FLORHAM PARK, N.J.
Considering the increased scrutiny and decreased job security among even the more successful NFL general managers, Mike Maccagnan maintained his usual equanimity when discussing a team that — after a massive offseason makeover — might be lucky to win four games.
Maccagnan sat in a conference room overlooking the Jets’ practice fields Monday morning, his usual cup of coffee at the ready, with his thoughts set squarely in opposition to the overwhelming consensus that his team is at the start of a season that surely will end in failure.
“Every team goes into training camp with the idea of trying to make the playoffs,” said Maccagnan, entering his third season with the Jets. “We’re no different from any other team out there.”
If anything, the skepticism being voiced outside the building has only worked to embolden those inside the walls of One Jets Drive.
“When you’re in this business, you have to focus on what’s inside your building,” he said. “I like the chemistry and character that we’re developing.

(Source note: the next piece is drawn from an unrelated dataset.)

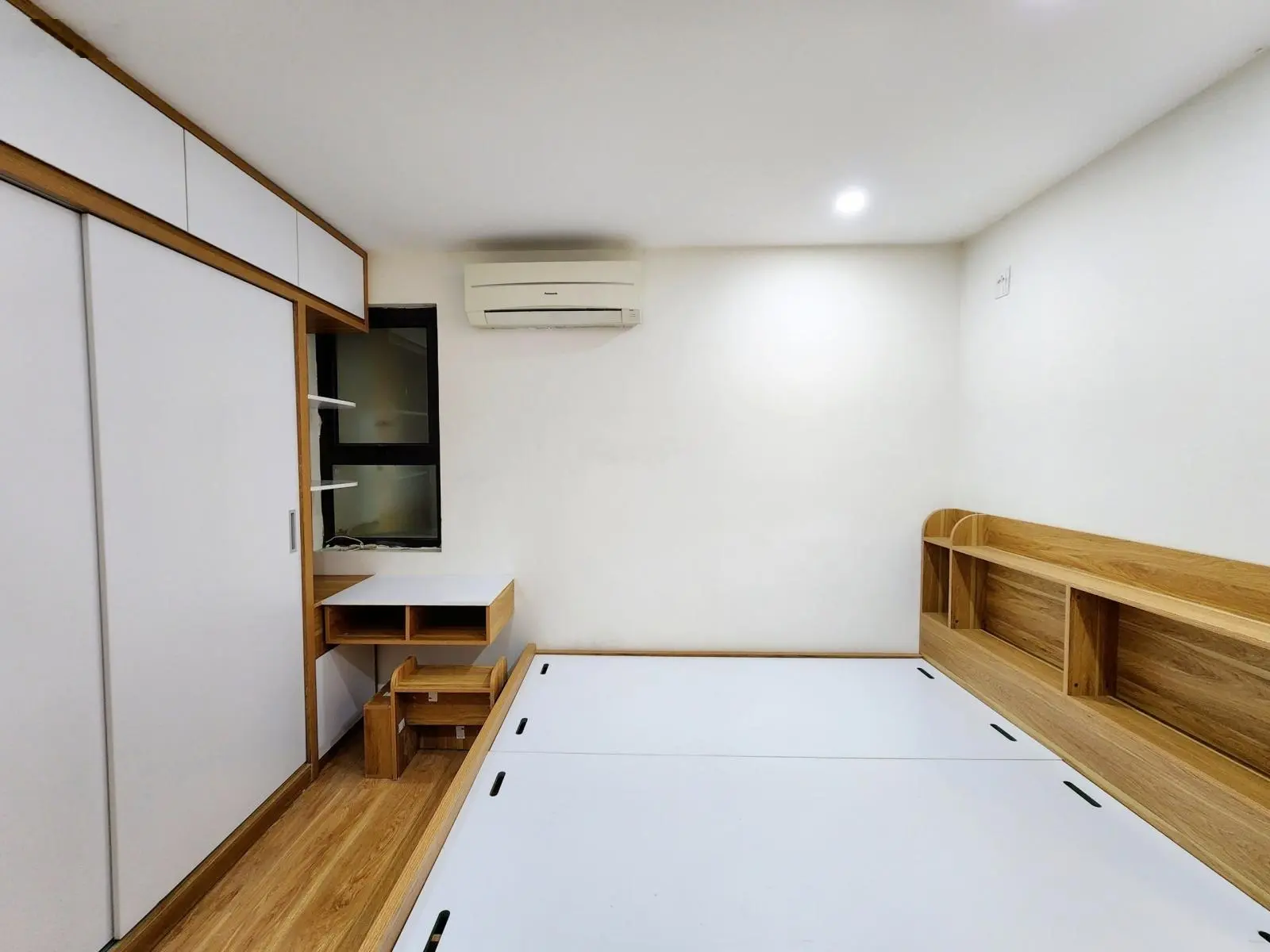Bán 10 căn chung cư Hoàng Gia đường Hồ Ngọc Lân Kinh Bắc - TP Bắc Ninh giá chỉ hơn 1 tỷ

To a certain degree, I think it may give people motivation, a little chip on the shoulders of some of our players.”
Is Maccagnan out to prove the doubters wrong? “That’s not something I focus on,” he said.
Yet his long-term job security is linked to what happens this season and beyond. Owner Woody Johnson gave Maccagnan the green light to tear down the foundation of an aging, mediocre team and replace it with a younger group at just about every position. The notable exception is 38-year-old quarterback Josh McCown. He might be the default choice to enter the season as the starter, if only because he gives the team the best chance to be functional early.

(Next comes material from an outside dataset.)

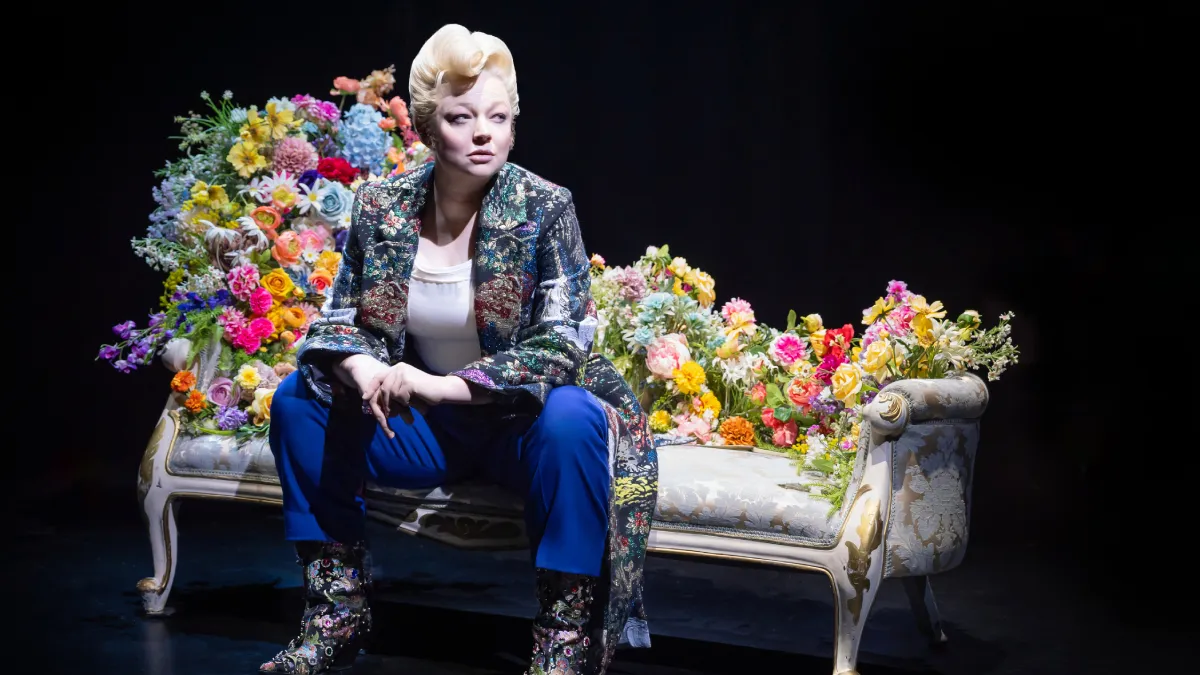Sarah Snook Transforma-se em 26 Personagens pelo Designer de "A Imagem de Dorian Gray"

The rest of the team is made up mostly of players with little to no experience. In a division that includes the defending Super Bowl champion Patriots and the improved Dolphins and Bills, this has the makings of a torturous season that will test even the most callused souls of Jets fans used to disappointment.

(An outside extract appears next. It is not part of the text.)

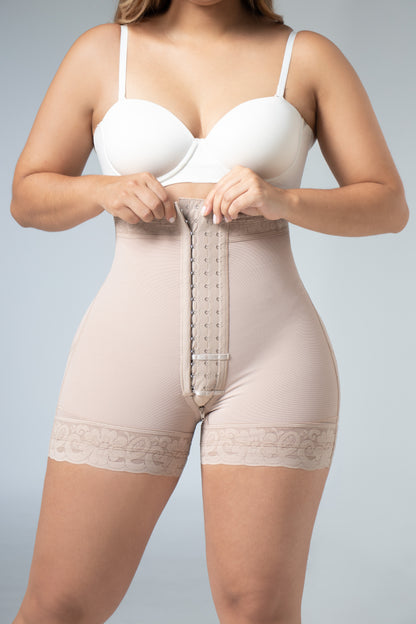 Short taille haute extra court, effet liftant, réf. 024656
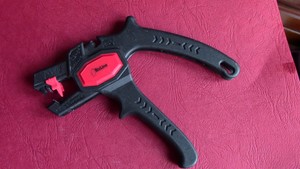 PINCE à DENUDER BIZLINE 0,2-6mm² BIZ 790 017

If 2017 is as dreary as the forecasts are predicting, there’s no telling whether Maccagnan or Todd Bowles will get the chance to continue rebuilding. With owners becoming increasingly impatient about bottom-line results, attrition among coaches has never been higher. The same is true for GMs, particularly this offseason. Gone are Washington’s Scot McCloughan, Kansas City’s John Dorsey and Carolina’s Dave Gettleman. All three oversaw a playoff team within the last two seasons, and Gettleman’s Panthers made the Super Bowl after the 2015 season.
The best record of the Maccagnan-Bowles era was 10-6 in 2015, as the Jets narrowly missed the playoffs. After last year’s 5-11 season, in which Ryan Fitzpatrick played his way out of town and Darrelle Revis’ play fell off a cliff, the roster purge claimed a number of aging, expensive veterans.
Unless Christian Hackenberg somehow becomes a franchise quarterback — a shaky proposition at best — then it will be a years-long project to get the Jets to contend on a regular basis. That likely will include taking a quarterback high in next year’s draft.
Maccagnan remains unflinching in the face of a daunting challenge. “With this job, you have to focus on decisions you feel are in the best interests of the organization,” he said. “Those are the decisions we made, and we made them with the vision of what we want this team to be.”
Maccagnan’s vision will be put to the test in the coming months. It remains to be seen whether there will be sufficient progress to earn him the chance to see it through in 2018 and beyond.